Protecting your family needn't be complicated or costly-if you know what to look for and what to avoid.
Once in a while, you buy something you hope you won't need soon. Put life insurance right at the top of that list.
On its face, the concept of life insurance is simple. In reality, it's anything but. While there are two basic types-term and whole life (called cash value)-agents offer an array of options and combination products whose complexity can create many pitfalls for buyers.
The information that follows will help you cut through agents' sales pitches to find a life insurance policy that best meets your needs.
There's nothing complicated about a term-life policy. It insures you for a finite period of time-typically 10 to 30 years, but as little as one year-and has a fixed annual premium. When the term ends, you can either buy a new policy or dump it altogether. This plain vanilla form of life insurance is always cheaper than a comparable cash-value policy. For instance, a 40-year-old man who falls into an insurer's "super-preferred" nonsmoker class can expect to pay as little as $700 a year for a $1 million policy. That estimate is based on a 20-year, "level-term" policy. A cash-value policy with the same amount of coverage over the same span could cost $15,000 a year, but it has an investment component to it. Term insurance usually doesn't.
You can research term insurance and purchase it yourself, without going through an agent, although there's generally no great price advantage. To learn more. Although term policies generally lack an investment component, you can buy return-of-premium term insurance which entitles you to a refund of premiums when the policy expires, and, in some cases, to a partial refund after as few as five years. You'll pay a higher annual premium for this modification, and this "investment" is lost if you die or drop the policy before the partial-refund period ends.
The downside of term insurance? Although it locks in your rate for many years, it leaves you vulnerable about the premium price if you decide to take out another policy when this one expires. The jump in price can be quite high. For example, the premiums for the $1 million term policy mentioned earlier could rise from $700 a year to about $5,200 when the original 20-year term expires-and that assumes you're in good health. If you're in poor health, it could cost a whopping $28,500 a year.

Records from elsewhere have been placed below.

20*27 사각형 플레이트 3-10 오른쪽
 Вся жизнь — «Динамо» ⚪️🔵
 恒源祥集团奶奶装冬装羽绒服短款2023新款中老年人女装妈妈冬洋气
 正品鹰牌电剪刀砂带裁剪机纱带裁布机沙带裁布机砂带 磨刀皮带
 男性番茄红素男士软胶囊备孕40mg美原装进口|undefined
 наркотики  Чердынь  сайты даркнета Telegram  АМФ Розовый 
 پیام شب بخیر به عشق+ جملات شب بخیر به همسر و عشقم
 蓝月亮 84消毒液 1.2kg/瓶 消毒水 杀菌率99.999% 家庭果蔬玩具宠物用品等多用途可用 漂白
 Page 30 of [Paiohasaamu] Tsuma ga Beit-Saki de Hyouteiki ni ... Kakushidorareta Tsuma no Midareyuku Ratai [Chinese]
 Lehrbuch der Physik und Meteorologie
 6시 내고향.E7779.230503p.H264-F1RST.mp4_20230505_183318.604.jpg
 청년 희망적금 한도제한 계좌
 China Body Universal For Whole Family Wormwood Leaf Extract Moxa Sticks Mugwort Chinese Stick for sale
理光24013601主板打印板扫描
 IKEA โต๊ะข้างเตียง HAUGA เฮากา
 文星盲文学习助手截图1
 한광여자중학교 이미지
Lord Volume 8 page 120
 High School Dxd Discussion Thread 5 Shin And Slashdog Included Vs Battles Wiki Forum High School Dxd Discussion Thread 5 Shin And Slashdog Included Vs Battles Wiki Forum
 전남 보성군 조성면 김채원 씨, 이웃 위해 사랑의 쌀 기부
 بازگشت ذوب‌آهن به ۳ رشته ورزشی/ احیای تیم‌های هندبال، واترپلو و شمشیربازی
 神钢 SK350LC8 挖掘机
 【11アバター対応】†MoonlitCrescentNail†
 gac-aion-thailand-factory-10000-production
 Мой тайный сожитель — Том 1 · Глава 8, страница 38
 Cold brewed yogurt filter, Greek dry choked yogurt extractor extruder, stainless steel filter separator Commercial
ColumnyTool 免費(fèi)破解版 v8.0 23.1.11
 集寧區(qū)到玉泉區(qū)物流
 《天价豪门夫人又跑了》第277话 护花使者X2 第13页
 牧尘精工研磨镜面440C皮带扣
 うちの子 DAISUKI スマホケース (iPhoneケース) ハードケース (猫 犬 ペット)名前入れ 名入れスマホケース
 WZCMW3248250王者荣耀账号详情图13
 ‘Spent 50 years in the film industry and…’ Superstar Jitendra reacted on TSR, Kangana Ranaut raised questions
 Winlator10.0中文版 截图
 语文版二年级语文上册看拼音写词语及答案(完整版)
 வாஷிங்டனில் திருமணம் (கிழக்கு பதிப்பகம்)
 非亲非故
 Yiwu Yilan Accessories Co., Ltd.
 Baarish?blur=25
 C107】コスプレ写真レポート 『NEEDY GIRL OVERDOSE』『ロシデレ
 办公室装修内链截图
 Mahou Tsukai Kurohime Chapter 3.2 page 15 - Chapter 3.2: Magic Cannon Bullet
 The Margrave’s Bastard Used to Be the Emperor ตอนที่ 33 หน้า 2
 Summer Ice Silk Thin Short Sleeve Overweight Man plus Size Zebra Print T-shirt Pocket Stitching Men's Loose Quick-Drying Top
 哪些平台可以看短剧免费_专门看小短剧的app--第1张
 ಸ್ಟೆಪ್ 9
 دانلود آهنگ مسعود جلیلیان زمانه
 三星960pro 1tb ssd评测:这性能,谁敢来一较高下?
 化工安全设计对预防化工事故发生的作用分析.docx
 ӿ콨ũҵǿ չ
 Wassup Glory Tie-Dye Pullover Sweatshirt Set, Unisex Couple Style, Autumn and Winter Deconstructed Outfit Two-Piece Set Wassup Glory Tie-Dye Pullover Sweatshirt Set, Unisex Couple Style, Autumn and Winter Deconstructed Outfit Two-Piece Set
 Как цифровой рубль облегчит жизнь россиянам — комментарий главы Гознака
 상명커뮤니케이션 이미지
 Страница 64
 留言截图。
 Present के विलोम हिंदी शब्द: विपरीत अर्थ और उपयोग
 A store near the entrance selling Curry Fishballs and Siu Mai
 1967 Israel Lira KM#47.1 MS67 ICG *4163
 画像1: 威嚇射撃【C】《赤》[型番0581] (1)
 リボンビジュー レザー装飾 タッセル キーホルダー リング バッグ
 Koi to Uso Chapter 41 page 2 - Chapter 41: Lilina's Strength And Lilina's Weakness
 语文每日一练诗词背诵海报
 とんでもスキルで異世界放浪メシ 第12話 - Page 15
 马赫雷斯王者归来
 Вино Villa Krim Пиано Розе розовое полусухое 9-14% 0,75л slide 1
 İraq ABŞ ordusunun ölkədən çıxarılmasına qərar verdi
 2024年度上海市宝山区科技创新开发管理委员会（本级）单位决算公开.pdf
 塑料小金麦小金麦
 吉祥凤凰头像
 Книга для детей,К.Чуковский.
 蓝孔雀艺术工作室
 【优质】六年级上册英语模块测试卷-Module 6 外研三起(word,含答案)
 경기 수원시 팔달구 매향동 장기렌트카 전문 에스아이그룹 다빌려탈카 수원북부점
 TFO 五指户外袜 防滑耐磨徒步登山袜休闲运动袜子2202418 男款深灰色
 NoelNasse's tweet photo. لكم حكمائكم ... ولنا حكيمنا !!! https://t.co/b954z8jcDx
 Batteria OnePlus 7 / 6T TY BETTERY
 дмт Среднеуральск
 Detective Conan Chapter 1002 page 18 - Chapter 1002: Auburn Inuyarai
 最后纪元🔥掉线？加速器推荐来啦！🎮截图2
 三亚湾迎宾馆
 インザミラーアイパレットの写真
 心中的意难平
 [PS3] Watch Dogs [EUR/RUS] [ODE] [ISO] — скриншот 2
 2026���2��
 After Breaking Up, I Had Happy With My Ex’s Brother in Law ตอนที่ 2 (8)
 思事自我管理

The best way to solve that conundrum is to think hard-before you buy-about how long you'll need life insurance. If you have a 15-year fixed mortgage on your home, a single 20-year term policy might be plenty. By the time it ends, you'll likely have few (or no) major debts to pay off. Or if your children will have graduated from college by then, you may have less need for cash.
Cash-value policies: Part investment
Cash-value policies, unlike term insurance, come in several flavors, including whole life, universal life, and variable life. They differ from term life in three ways: The insurance can usually stay in force until you die, as long as the premiums are paid; the premiums can be scheduled to remain level for a specified period or to vary in amount; and the policies build up cash value that helps fund your continued coverage.
This cash value, in turn, earns compound interest-at least 4 percent currently, says Glenn Daily, a fee-based insurance consultant in New York City. If you purchase what's known as a "participating policy," it'll pay dividends, too. Traditionally, insurers generate the cash to pay policyholders by investing their premiums in a relatively conservative mix of stocks, bonds, mortgages, and real estate.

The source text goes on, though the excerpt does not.